Gone are the days when the point of service was a simplistic cash register. The point of service systems of today offer a platform for comprehensive customer engagement, inventory management, reporting and so forth. These systems could be a standard point of service terminal, a self-checkout system, a kiosk or a mobile point of service device carried across the store by a sales executive. The reliability and stability of these systems, is more critical today than it has ever been. A loss of a system today does not merely mean a cash counter ‘going down’, which in itself is nothing short of a tragedy, in terms of the business loss that could ensue. However, a loss of a system today implies that a comprehensive engagement point in the shopper’s journey has been lost.
With the SUSE Linux Enterprise Point of Service, we offer a stable, secure and reliable operating system platform for these point of service systems. At the same time, we also recognize that something which remains a constant in this industry, is the importance of long term stability of the entire point of service stack. Frequent re-deployments of newer versions of an operating system on the point of service devices, because the older version has gone out of support, is not an ideal scenario.
In some cases, this need for stability, stems from the need to maintain the entire stack at the point of service for a long term. This is required in order to minimize the operating expenses that originate from re-deploying and setting up the point of service environment over and over again. The possible incompatibilities with the software application stack, the peripheral devices, and the effort needed to deliver that compatibility, adds to the cost pressures. In other cases, the need for stability is more a consequence of the lack of availability of a solution, that can manage the entire life-cycle of the point of service asset – from provisioning, to package management, to patching, to configuration, to monitoring and finally re-deployment.
We are delivering products that would address the concerns of both these sets of customers. For the former cases, we are committed to supporting SUSE Linux Enterprise Point of Service for extended periods, at the point of service client devices. The aim is to allow the retailers to exploit the full life-cycle of their deployed hardware, thereby maximizing the return on their investments at the point of service. The latest SUSE Linux Enterprise Point of Service release to be supported for an extended period on the client devices, is SUSE Linux Enterprise Point of Service 12 Service Pack 3. We will support this version, on certified point of service hardware, until March 31, 2025. The product life-cycle details can be found here. These 64-bit client images can be built using the SUSE Linux Enterprise Point of Service Image Server 12 component.

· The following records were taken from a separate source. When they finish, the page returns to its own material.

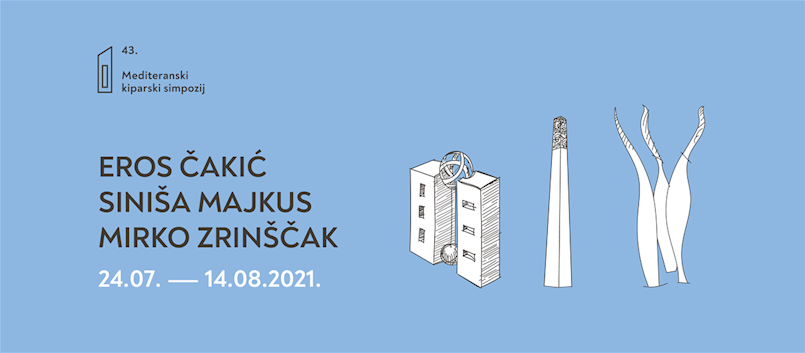 43. MKS ugošćuje tri kipara: Erosa Čakića, Siniša Majkusa i Mirka Zrinščaka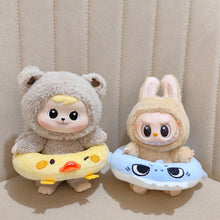 Load image into Gallery viewer, 17cm Mini Plush Doll's Clothes Outfit Accessories For 15-17CM Labubu Swimming Ring Accessories Gift
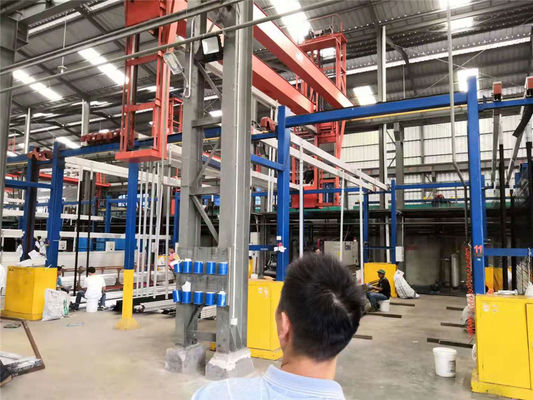 Αυτοματοποιημένη δύναμη υποβολής σε ανοδική οξείδωση γραμμών γραμμή Anodiding διαδικασίας οριζόντια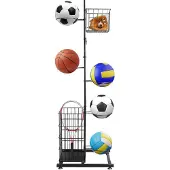 Unyqoos Ruimtebesparende Balopslag met Meerdere Opslagmogelijkheden voor Sportballen en Accessoires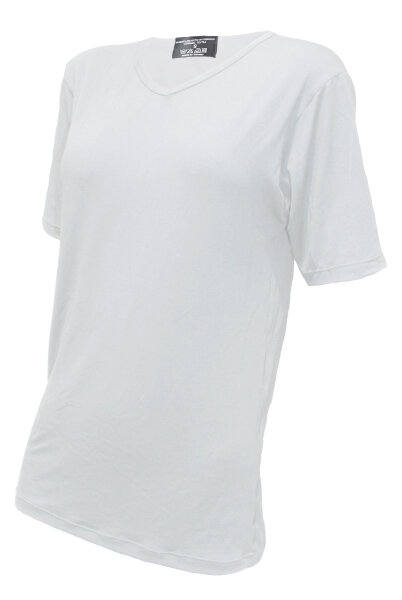 Infrarot-Funktions-Shirt Kurzarm - V-Ausschnitt - naturweiß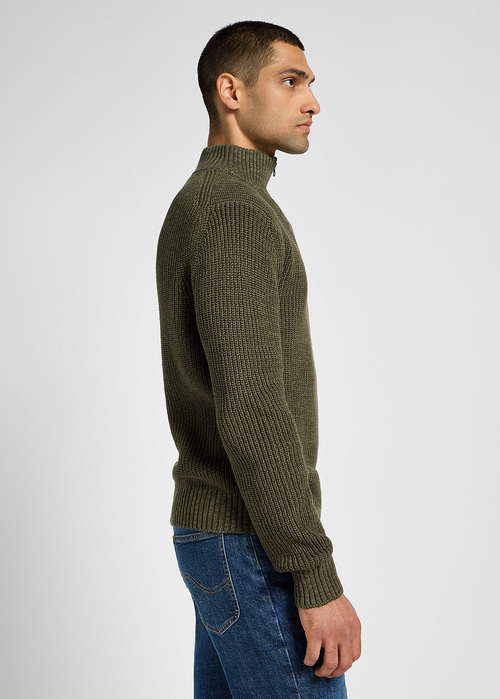 Lee Half Zip Knit Mercantile Green - 112355675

At the same time, with the introduction of SUSE Manager into our retail offering, we are enabling the retailers to manage their dispersed store assets, throughout the life-cycle of those assets. This product offering is called SUSE Manager for Retail, something I introduced in one of my earlier blog posts.
SUSE Manager for Retail reference architecture
So whether it is about a stable operating system that is part of the point of service stack, or a Linux systems management solution to deploy, manage and monitor that stack, SUSE has a solution to solve the point of service related problems of the modern retailer.